History focuses on duration and patterns of voiding, bowel function, drug use, and obstetric and pelvic surgical history. A voiding diary can provide clues to causes. Over 48 to 72 hours, the patient or caregiver records volume and time of each void and each incontinent episode in relation to associated activities (especially eating, drinking, and drug use) and during sleep. The amount of urine leakage can be estimated as drops, small, medium, or soaking; or by pad tests (measuring the weight of urine absorbed by feminine pads or incontinence pads during a 24-hour period).

If the volume of most nightly voids is much smaller than functional bladder capacity (defined as the largest single voided volume recorded in the diary), the cause is a sleep-related problem (patients void because they are awake anyway) or a bladder abnormality (patients without bladder dysfunction or a sleep-related problem awaken to void only when the bladder is full).

Of men with obstructive symptoms (hesitancy, weak urinary stream, intermittency, feeling of incomplete bladder emptying), about one third have detrusor overactivity without actual obstruction.

Urgency or an abrupt gush of urine without warning or without preceding increase in intra-abdominal pressure (often called reflex or unconscious incontinence) typically indicates detrusor overactivity.

Physical examination

Neurologic, pelvic, and rectal examinations are the focus.

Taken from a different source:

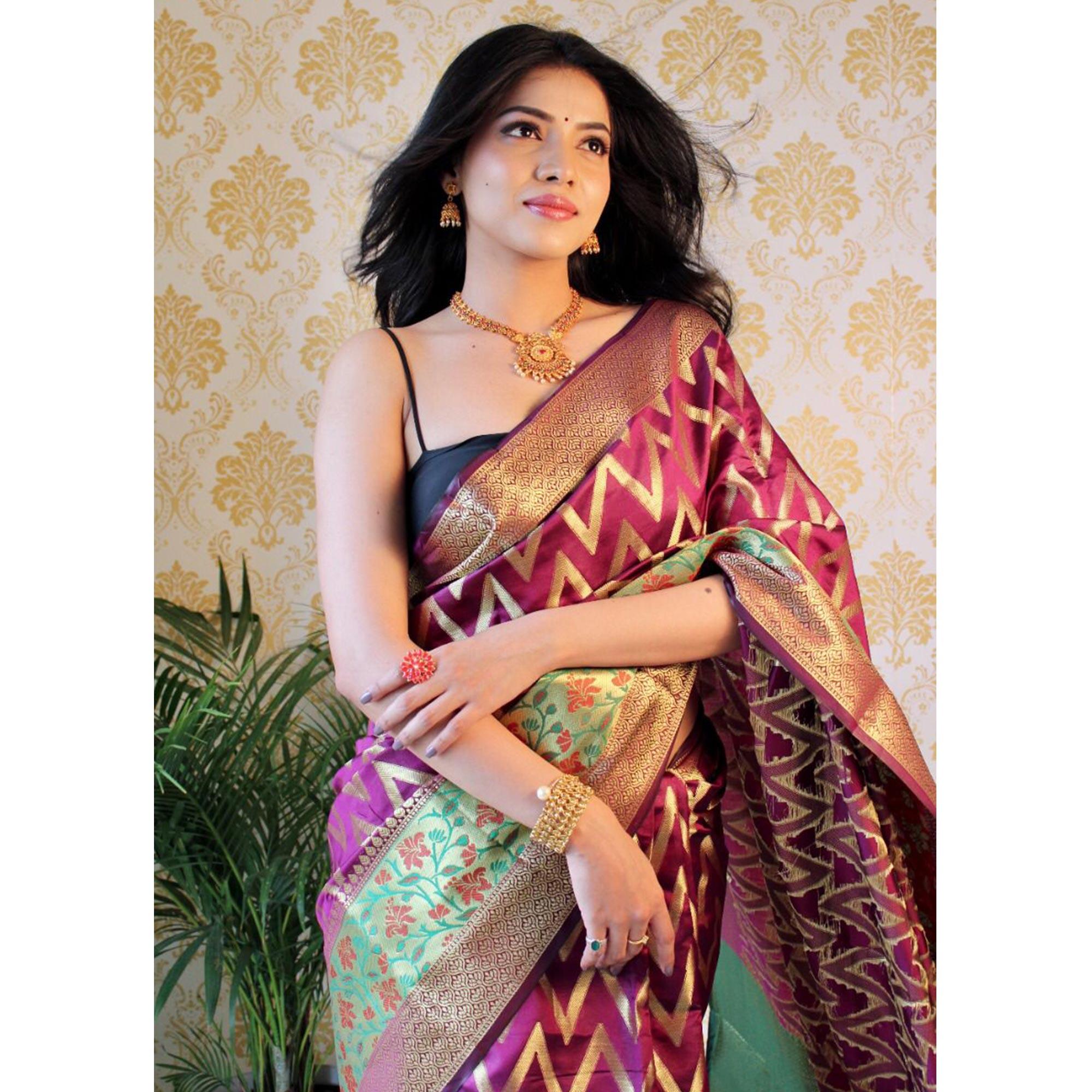 Wine Woven Art Silk Saree - Peachmode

Neurologic examination involves assessing mental status, gait, and lower extremity function and checking for signs of peripheral or autonomic neuropathy, including orthostatic hypotension. Neck and upper extremities should be checked for signs of cervical spondylosis or stenosis. The spinal column should be checked for evidence of prior surgeries and for deformities, dimples, or hair tufts suggesting neural tube defects.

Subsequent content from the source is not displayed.